--- Work request ---
Locate the line that contains "Macy's Girls Bloom", then copy it and all later lines of the data below exactly, through the last one.

[Start of Attachment]

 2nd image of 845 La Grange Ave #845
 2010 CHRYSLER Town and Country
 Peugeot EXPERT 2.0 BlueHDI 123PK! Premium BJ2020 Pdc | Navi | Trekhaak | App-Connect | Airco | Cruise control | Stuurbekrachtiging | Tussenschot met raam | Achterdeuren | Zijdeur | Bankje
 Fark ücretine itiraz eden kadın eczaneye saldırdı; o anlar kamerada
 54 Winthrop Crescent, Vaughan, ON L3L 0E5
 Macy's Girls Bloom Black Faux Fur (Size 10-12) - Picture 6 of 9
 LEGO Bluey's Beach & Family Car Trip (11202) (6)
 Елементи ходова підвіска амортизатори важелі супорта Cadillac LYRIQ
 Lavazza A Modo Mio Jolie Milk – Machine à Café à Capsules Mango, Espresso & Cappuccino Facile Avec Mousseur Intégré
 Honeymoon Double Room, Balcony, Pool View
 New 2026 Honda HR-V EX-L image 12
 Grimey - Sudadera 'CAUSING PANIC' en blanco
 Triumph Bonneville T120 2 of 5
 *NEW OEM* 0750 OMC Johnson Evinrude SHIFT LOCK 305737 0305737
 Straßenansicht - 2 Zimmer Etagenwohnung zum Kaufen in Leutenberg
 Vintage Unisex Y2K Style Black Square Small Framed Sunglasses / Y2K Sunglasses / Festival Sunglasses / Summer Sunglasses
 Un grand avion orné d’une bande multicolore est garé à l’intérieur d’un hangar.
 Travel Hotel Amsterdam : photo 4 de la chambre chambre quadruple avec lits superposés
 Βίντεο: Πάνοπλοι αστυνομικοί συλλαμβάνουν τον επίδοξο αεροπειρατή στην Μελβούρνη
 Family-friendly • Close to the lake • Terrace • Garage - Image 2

[End of Attachment]

--- Problem solution ---
 Macy's Girls Bloom Black Faux Fur (Size 10-12) - Picture 6 of 9
 LEGO Bluey's Beach & Family Car Trip (11202) (6)
 Елементи ходова підвіска амортизатори важелі супорта Cadillac LYRIQ
 Lavazza A Modo Mio Jolie Milk – Machine à Café à Capsules Mango, Espresso & Cappuccino Facile Avec Mousseur Intégré
 Honeymoon Double Room, Balcony, Pool View
 New 2026 Honda HR-V EX-L image 12
 Grimey - Sudadera 'CAUSING PANIC' en blanco
 Triumph Bonneville T120 2 of 5
 *NEW OEM* 0750 OMC Johnson Evinrude SHIFT LOCK 305737 0305737
 Straßenansicht - 2 Zimmer Etagenwohnung zum Kaufen in Leutenberg
 Vintage Unisex Y2K Style Black Square Small Framed Sunglasses / Y2K Sunglasses / Festival Sunglasses / Summer Sunglasses
 Un grand avion orné d’une bande multicolore est garé à l’intérieur d’un hangar.
 Travel Hotel Amsterdam : photo 4 de la chambre chambre quadruple avec lits superposés
 Βίντεο: Πάνοπλοι αστυνομικοί συλλαμβάνουν τον επίδοξο αεροπειρατή στην Μελβούρνη
 Family-friendly • Close to the lake • Terrace • Garage - Image 2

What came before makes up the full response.